Microscopic endovascular probes that navigate by blood flow and an external magnetic field may increase the capabilities of vascular catheterization.

Endovascular catheters are critical for medical practice, facilitating diagnostic and interventional procedures such as coronary arterial stenting or embolization of bleeding arteries. However, standard catheters are too large to navigate smaller or more tortuous blood vessels. Furthermore, their navigation requires manual push-based advancement and tip adjustment, with potential for traumatic injury to the blood vessels.

Pancaldi and colleagues recently developed a novel endovascular probe that addresses many deficiencies of standard catheters. The new probes are microscopic (40 to 350 μm in diameter), magnetic, flexible, tethered, and non-thrombogenic. They are deployed within the blood vessel via a saline pump and then depend on natural blood flow for navigation, which can be achieved even within tortuous vasculature. Unlike standard catheters, this navigation does not require contact pressure on vessel walls and thus reduces the potential for vessel perforation. As demonstrated in fabricated fluidics systems and ex vivo rabbit ears, the flow velocity and application of an external magnetic field at vessel bifurcations deformed the probe’s head to choose which vascular path to take. The probes could be linked to sensors to assess flow characteristics and temperature or to microtubes to inject dye locally, showing the potential of this technology for interventional applications.

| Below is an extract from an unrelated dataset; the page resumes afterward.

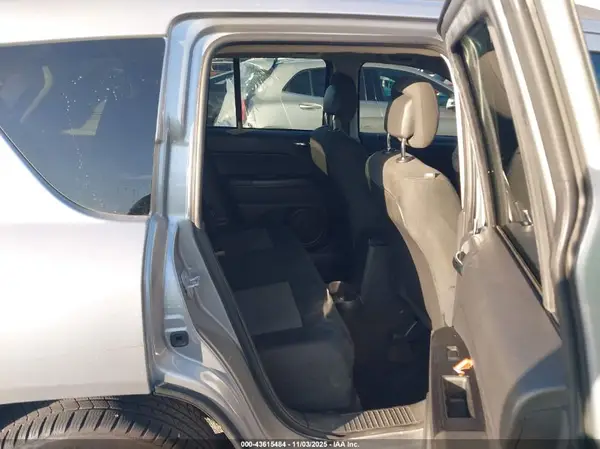 1C4NJCBA5HD124540 2017 JEEP COMPASS - Image 8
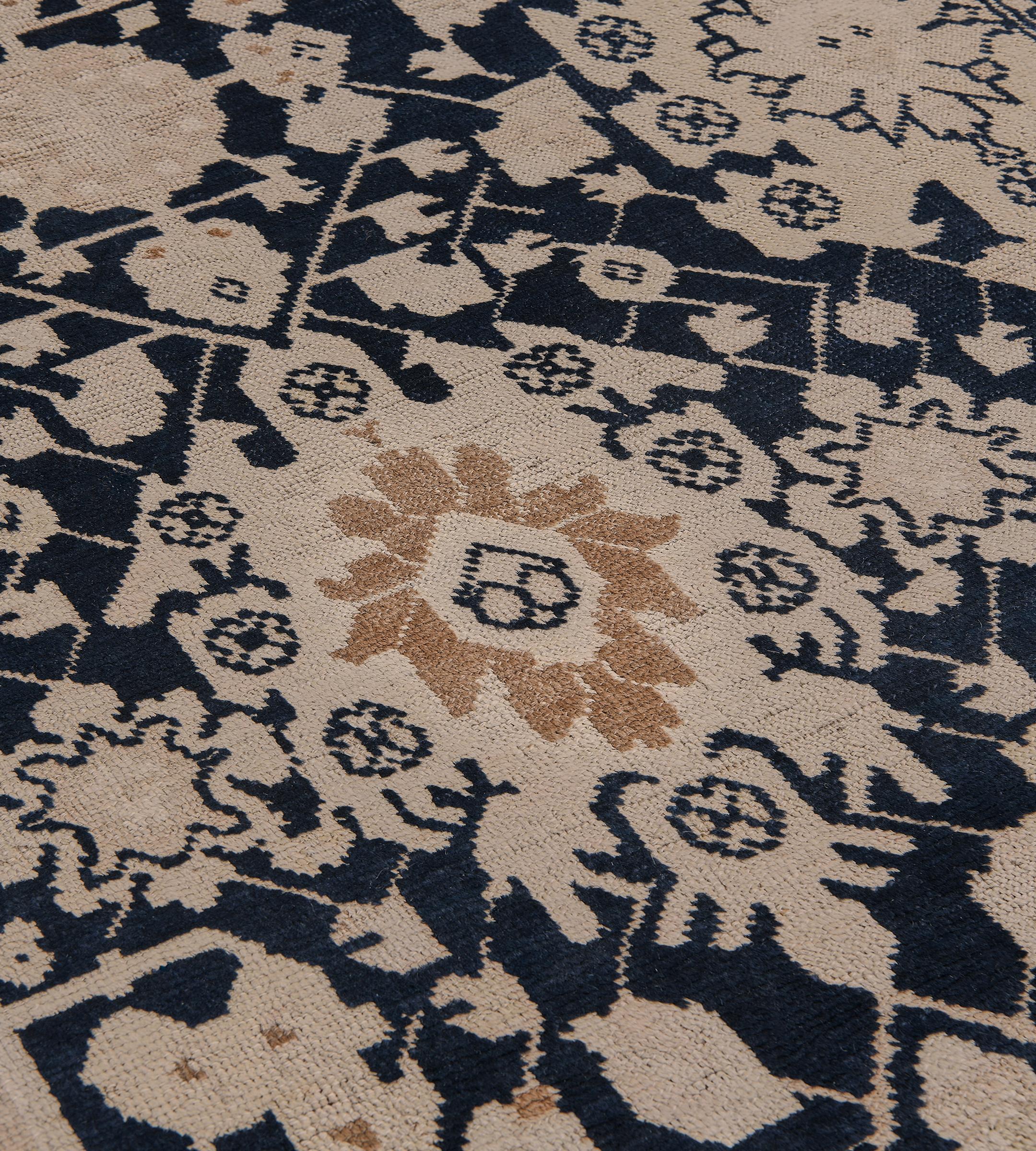 Caucasien Antiquités Circa-1900 Chemin de table en laine nouée à la main avec motifs floraux du Karabagh en vente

This approach addresses the need for miniaturized endovascular catheters that leverage natural blood flow for navigation. However, because the system relies on blood flow, it must be deployed upstream of the target area. Yet, most current clinical catheter applications involve going against the normal blood flow (e.g., accessing the coronary arteries via a femoral artery) to minimize the invasiveness of the procedure and damage to critical vascular structures. Even so, this technology may be complementary to existing catheters and fill a specific niche for more distal, smaller arterial applications, particularly within the brain vasculature. Furthermore, this approach may allow specific embolization of distal vessels that are bleeding or are feeding a tumor rather than a major arterial branch, decreasing the morbidity of such procedures. Another apparent limitation is that the vasculature map must be known in order to magnetically guide the probe along the appropriate bifurcations. Presumably, this would require repetitive injection of a radiopaque contrast dye for visualization and may be challenging in a three-dimensional microscopic clinical situation dissimilar from the translucent ex vivo rabbit ears demonstrated in this work. Ultimately, even with these limitations, this technology represents an impressive step toward achieving miniaturized endovascular catheters for previously impossible but sorely needed clinical applications.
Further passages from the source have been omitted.